What is even more concerning is that these consequences were not entirely unintended.

A recently declassified secret US Defense Intelligence Agency document, written in 2012, welcomed the possibility of an Al-Qaeda controlled Islamic state in Syria. The US document reported that Al-Qaeda was one of the major forces driving the insurgency in Syria and stated that western countries, the Gulf states and Turkey supported the opposition’s efforts to take control of Eastern Syria, according to Seumas Milne in an article written for The Guardian.

In other words, the United States and its allies wanted a fundamental Islamic group to take over in eastern Syria in order to overthrow Assad’s regime, according to Truth in Media.

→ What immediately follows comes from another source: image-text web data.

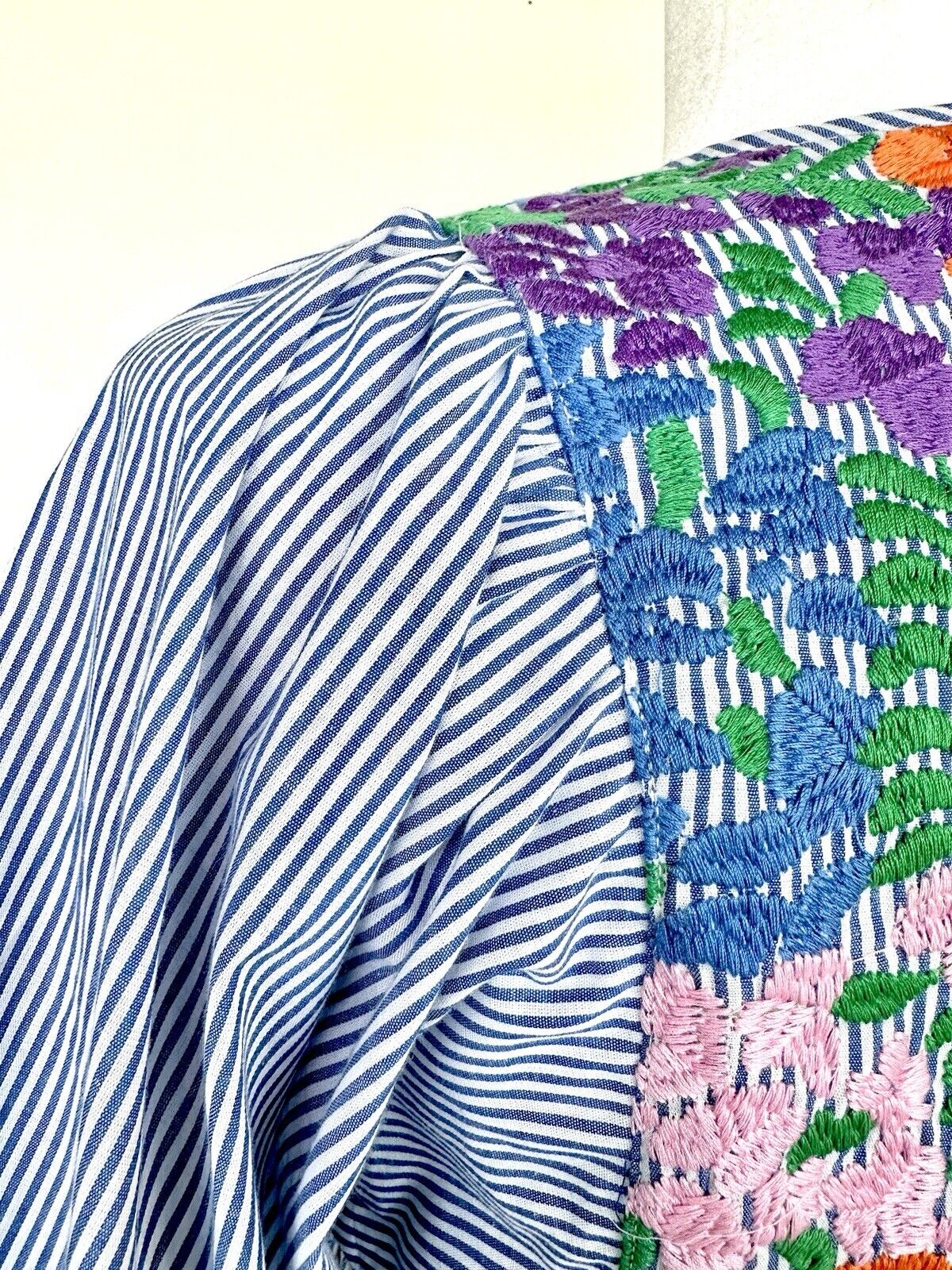 J Marie embroidered Tristan MIDI Dress size XS Retail $180 Stripe 3/4 Sleeve NWT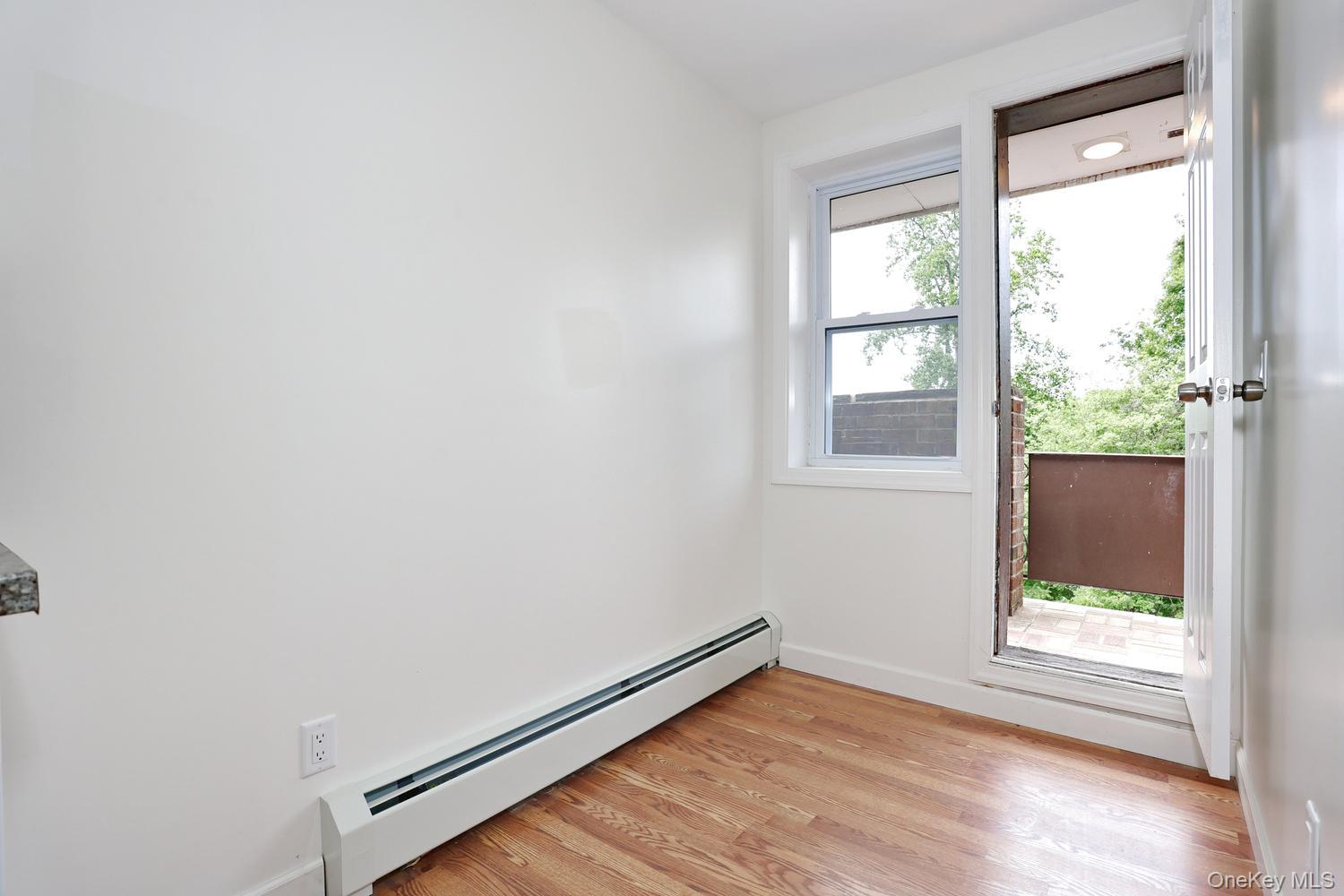 242 Kearsing Parkway F Property Photo 11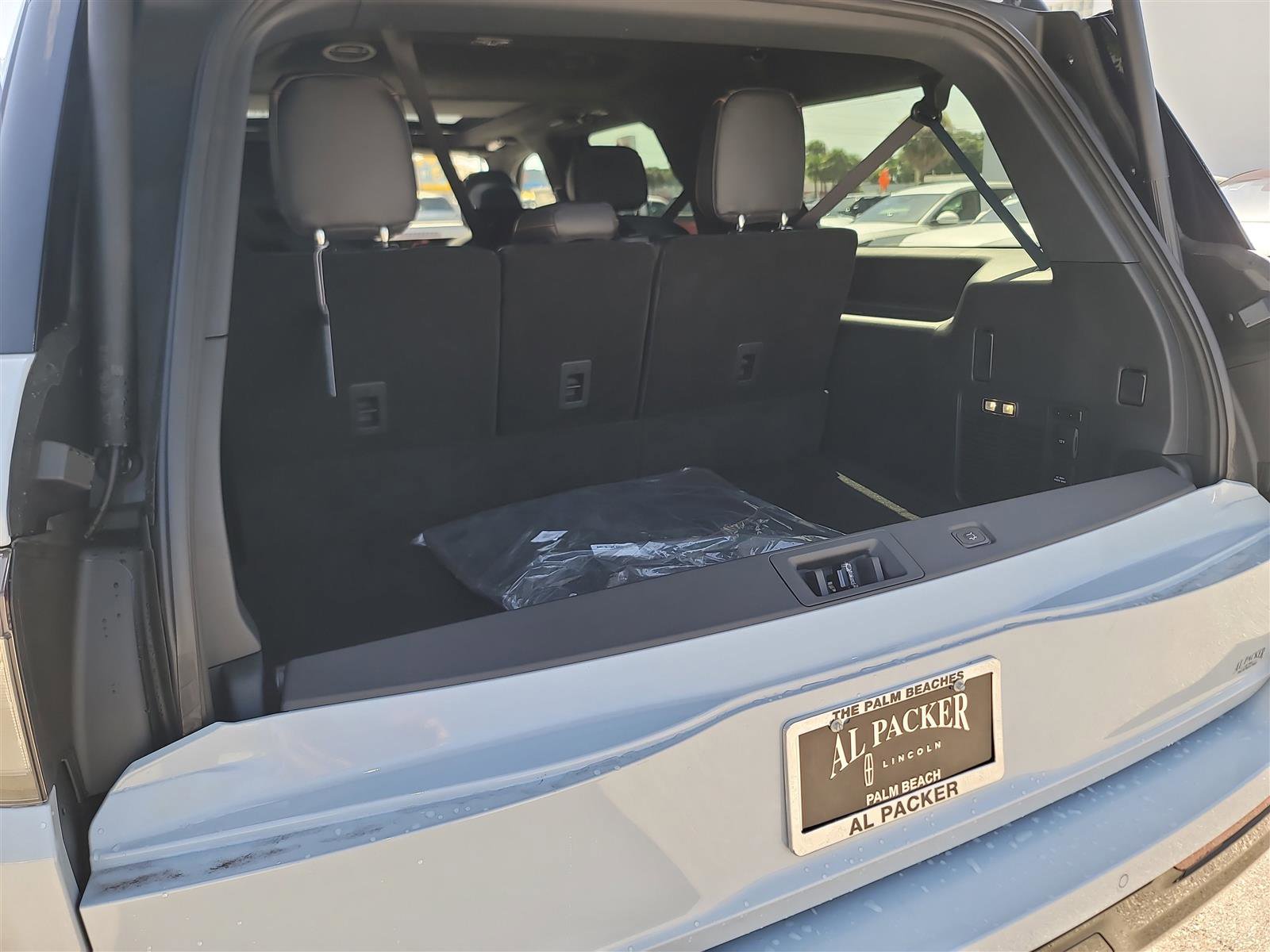 New 2025 Lincoln Navigator L Black Label image 31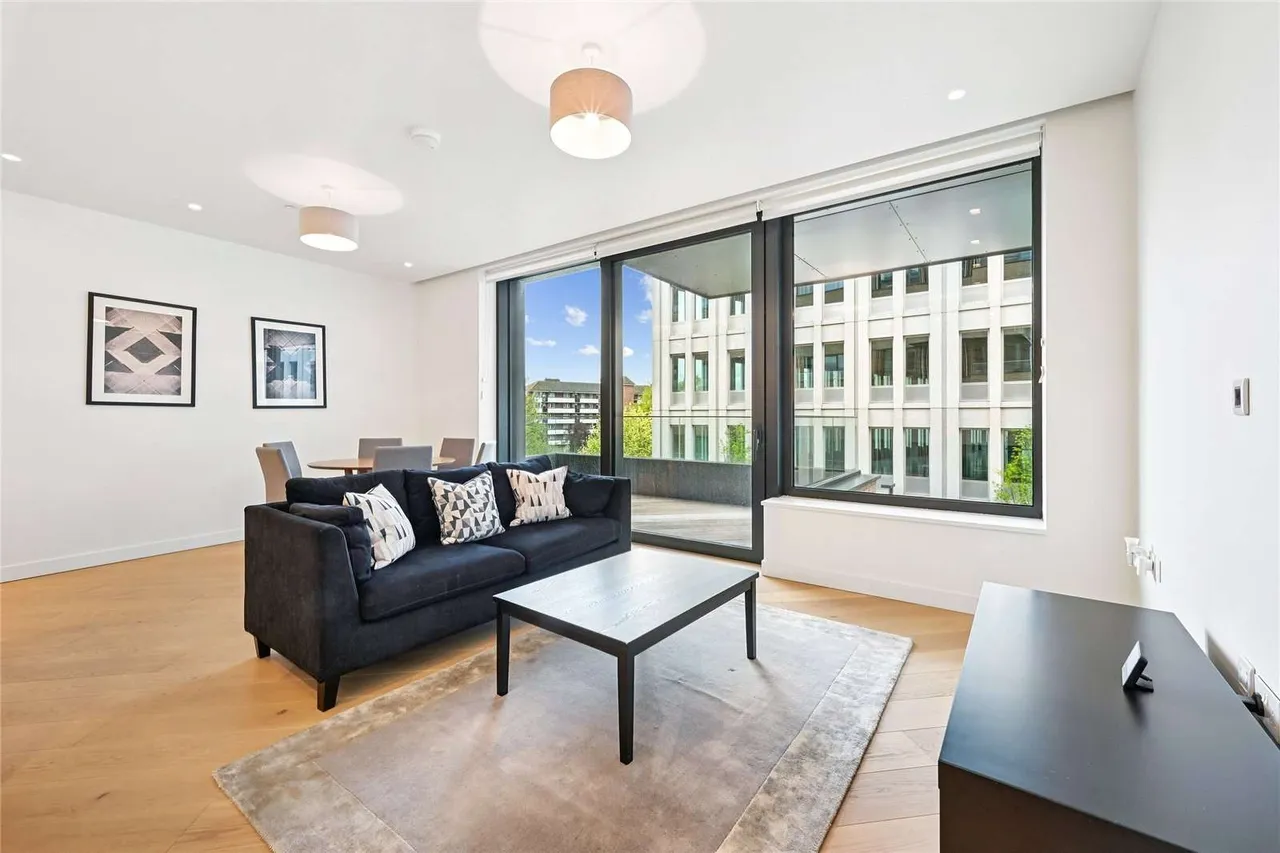 2 bed flat for sale — Wood Crescent, Television Centre, London, W12 7GN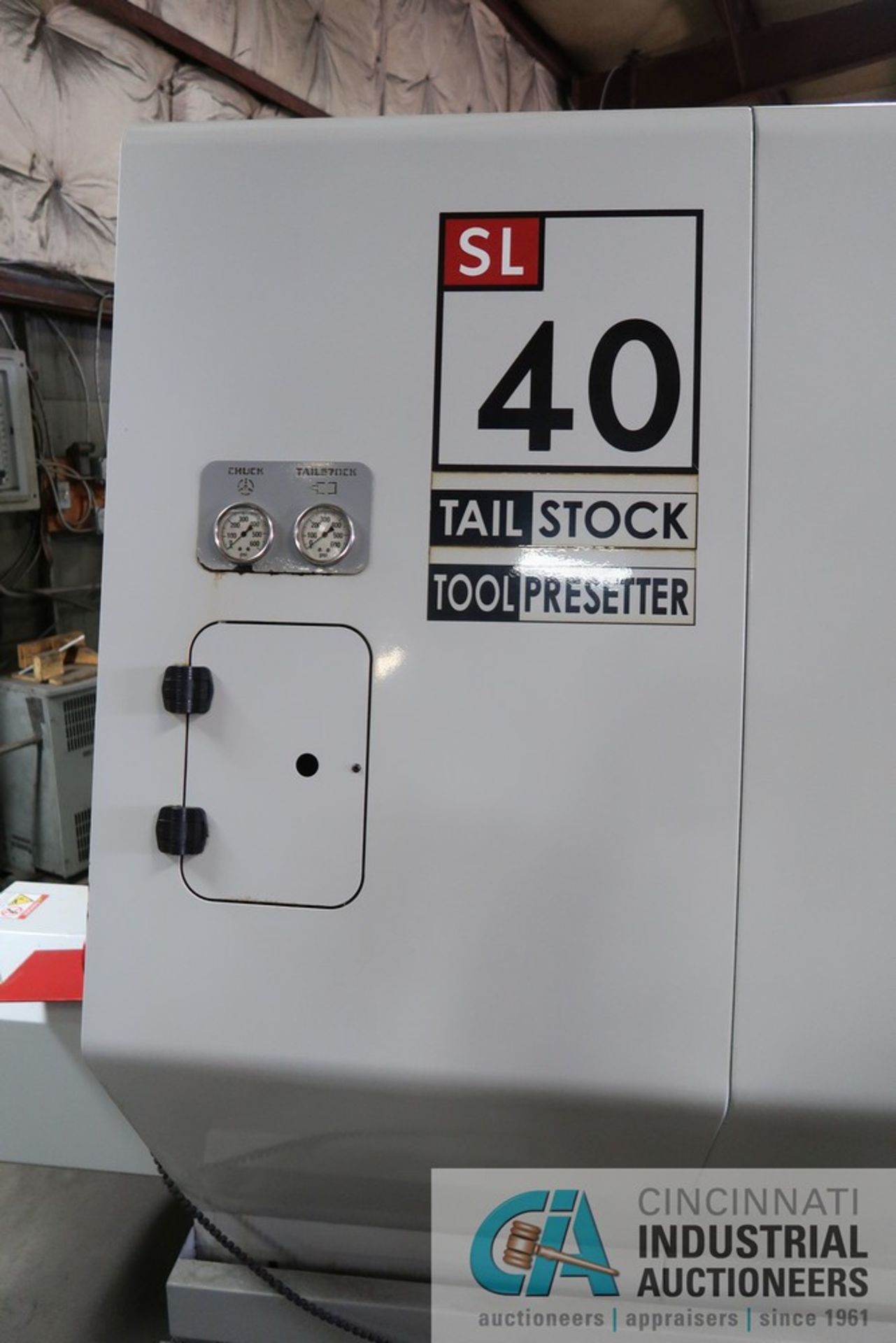 HAAS MODEL SL40 CNC TURNING CENTER; S/N 3082056, 20" 4-JAW CHUCK, 10-POSITION TURRET, TAILSTOCK, - Image 7 of 13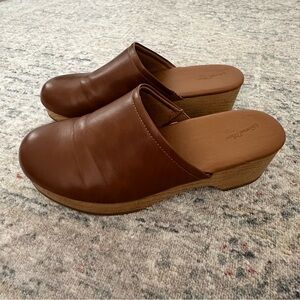 Universal Thread Brown Leather Clogs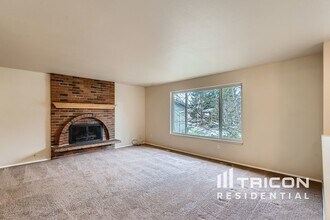 24929 132nd Pl SE in Kent, WA - Building Photo - Building Photo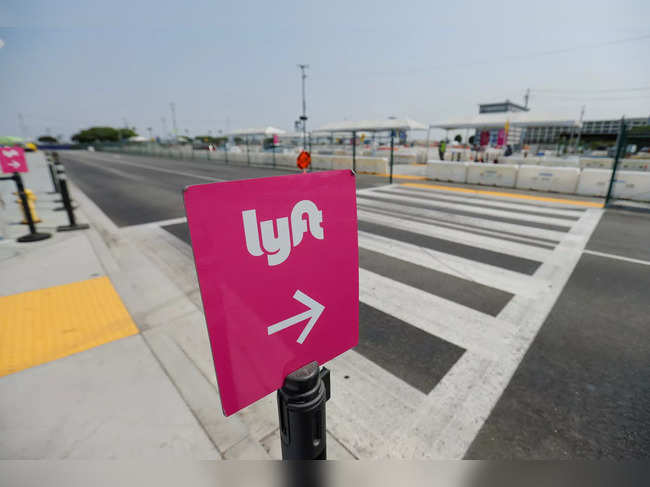 Uber and Lyft drivers demonstrate over basic employee rights in California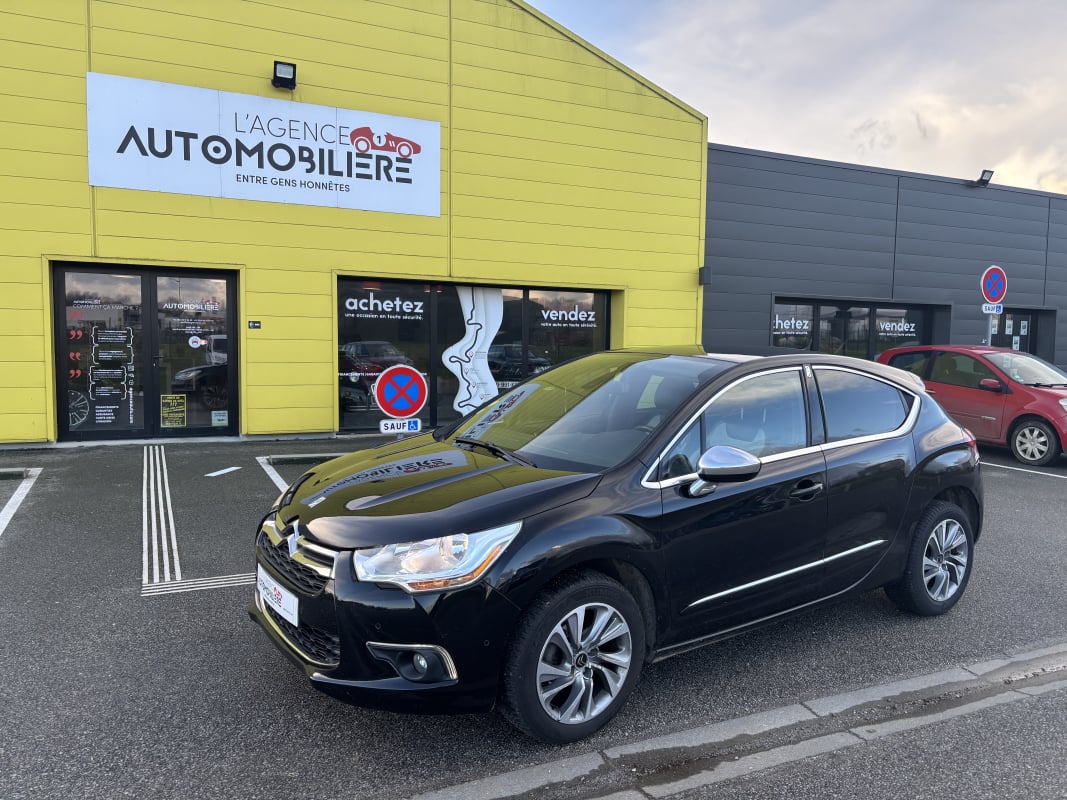 Citroen DS4 1.6 E-HDI 115 URBAN SHOW — 1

This should be alarming to us. However, those who have kept up with United States foreign policy will not be surprised by U.S. efforts to force a regime change. Through the years, Republicans and Democrats have joined together in pursuing a strategy of violently overthrowing foreign governments that do not bow to their wishes, according to

In the 1980’s, the United States sent money and weapons to Osama Bin Laden and the Mujahideen to fight against the Soviets in Afghanistan, according to NBC News. The United States also helped put Saddam Hussein in power by helping him obtain chemical weapons during the Iraq-Iran war in the 1980’s, according to PBS. These two evil men incited the United States into endless wars in Afghanistan and Iraq.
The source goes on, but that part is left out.